▶ PROBLEM TO SOLVE:
Please output the entries that follow exactly, without a single image.

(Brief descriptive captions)

════

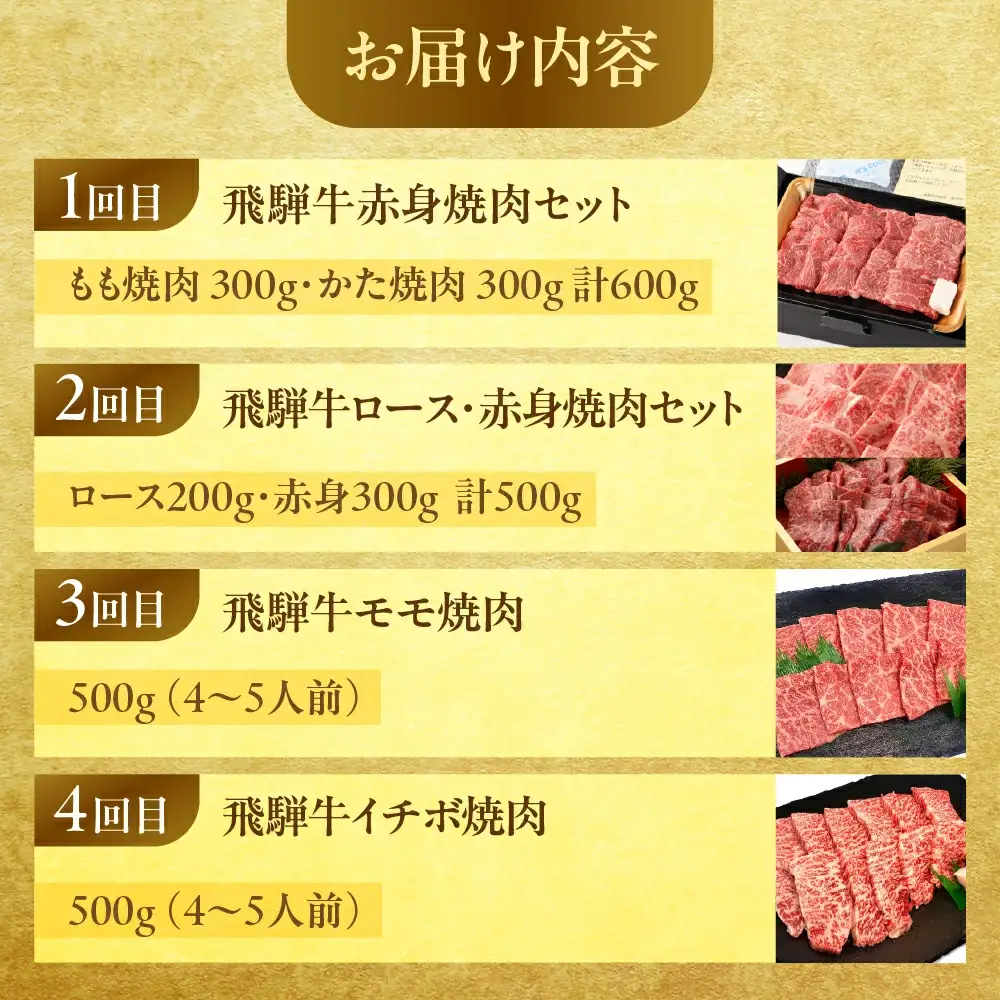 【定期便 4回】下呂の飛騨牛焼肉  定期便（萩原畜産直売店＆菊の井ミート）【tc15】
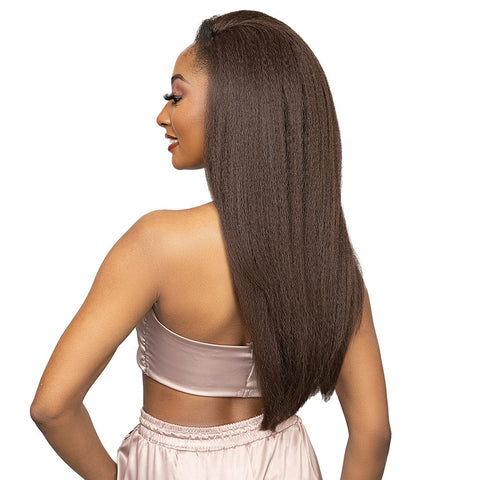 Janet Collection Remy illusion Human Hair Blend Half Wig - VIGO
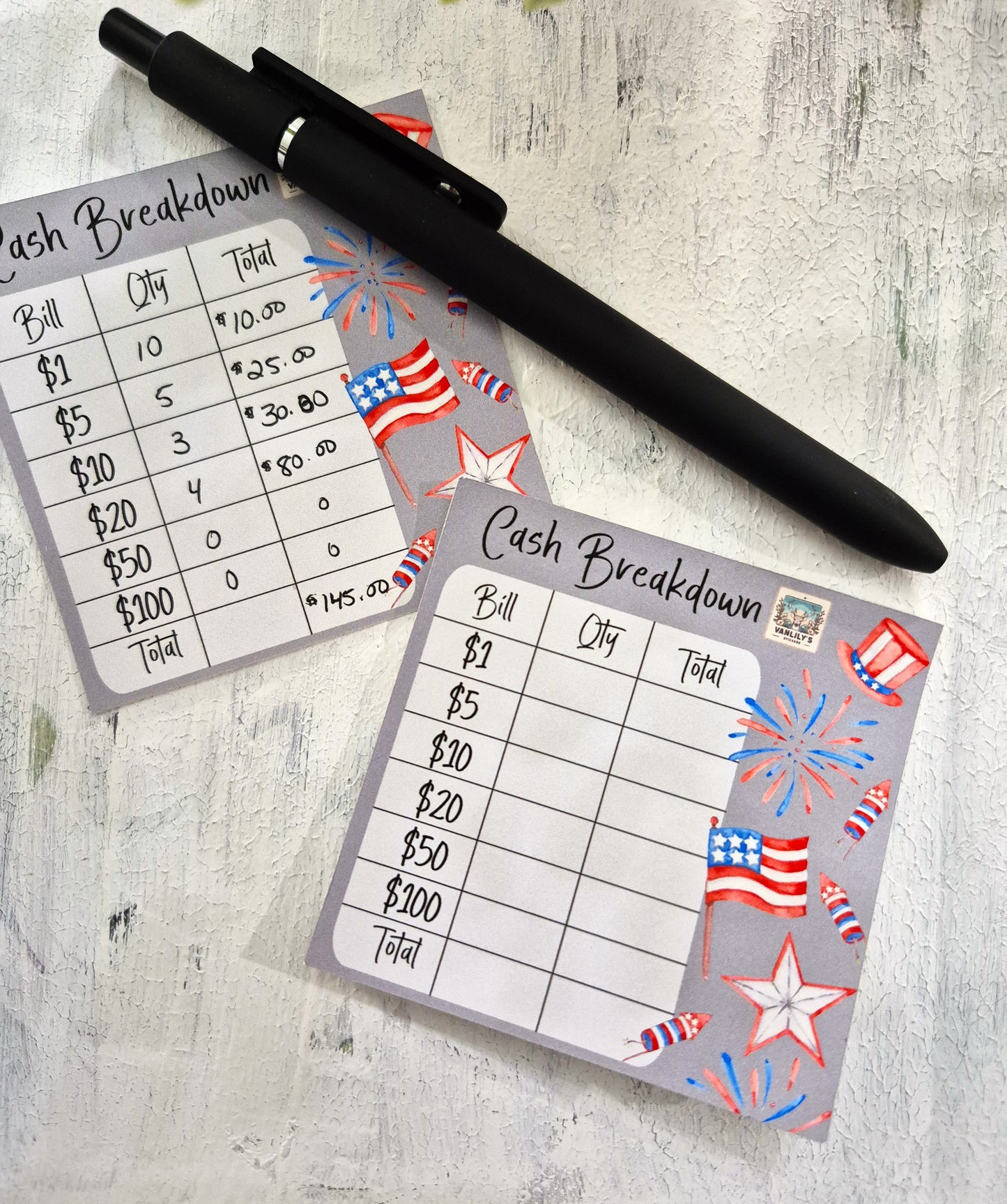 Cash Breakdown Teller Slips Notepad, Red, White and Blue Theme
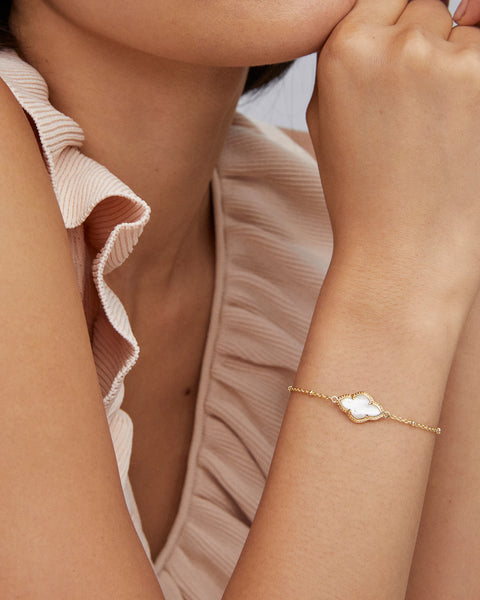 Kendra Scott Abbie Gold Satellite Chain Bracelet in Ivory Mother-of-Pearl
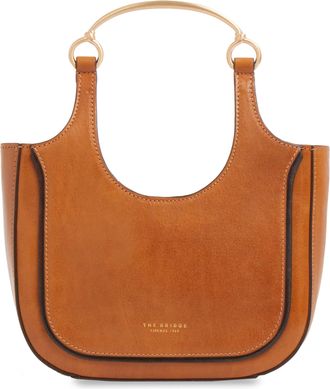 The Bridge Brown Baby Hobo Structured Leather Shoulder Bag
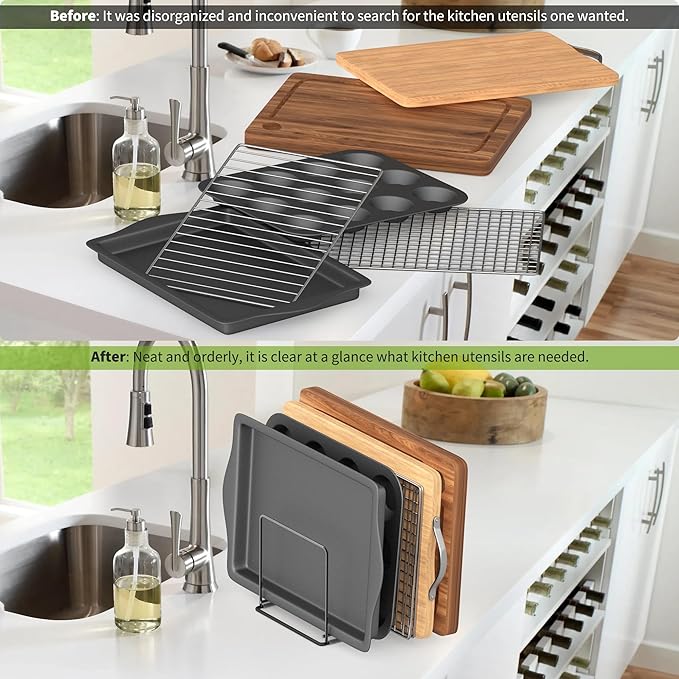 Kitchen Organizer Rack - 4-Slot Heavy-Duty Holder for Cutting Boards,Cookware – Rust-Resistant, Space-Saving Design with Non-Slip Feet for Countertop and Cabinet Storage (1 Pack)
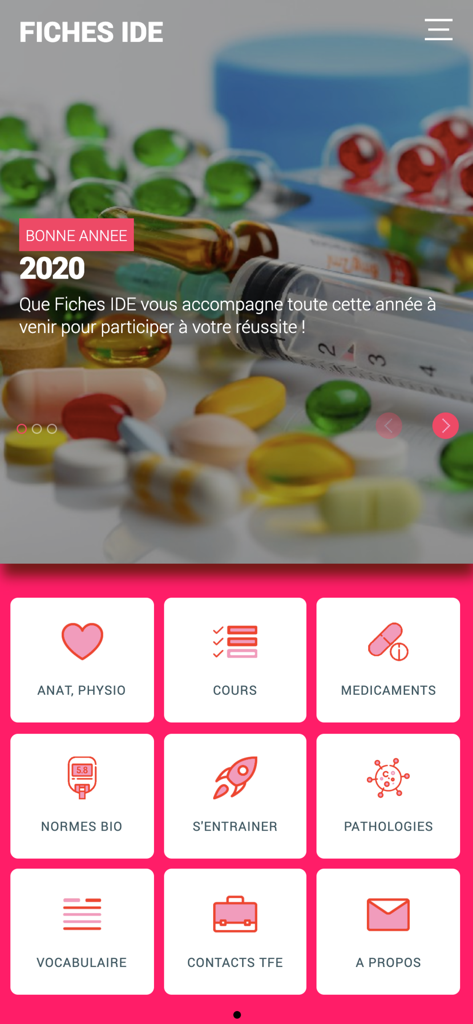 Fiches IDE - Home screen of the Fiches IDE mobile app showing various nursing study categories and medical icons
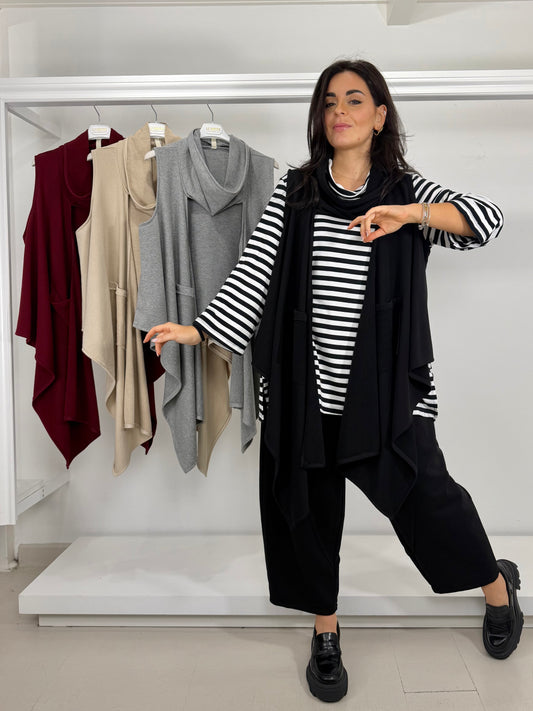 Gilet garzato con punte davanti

════

▶ COMPLETED EXERCISE:
 【定期便 4回】下呂の飛騨牛焼肉  定期便（萩原畜産直売店＆菊の井ミート）【tc15】
 Janet Collection Remy illusion Human Hair Blend Half Wig - VIGO
 Cash Breakdown Teller Slips Notepad, Red, White and Blue Theme
 Kendra Scott Abbie Gold Satellite Chain Bracelet in Ivory Mother-of-Pearl
 The Bridge Brown Baby Hobo Structured Leather Shoulder Bag
 Kitchen Organizer Rack - 4-Slot Heavy-Duty Holder for Cutting Boards,Cookware – Rust-Resistant, Space-Saving Design with Non-Slip Feet for Countertop and Cabinet Storage (1 Pack)
 Fiches IDE - Home screen of the Fiches IDE mobile app showing various nursing study categories and medical icons
 Gilet garzato con punte davanti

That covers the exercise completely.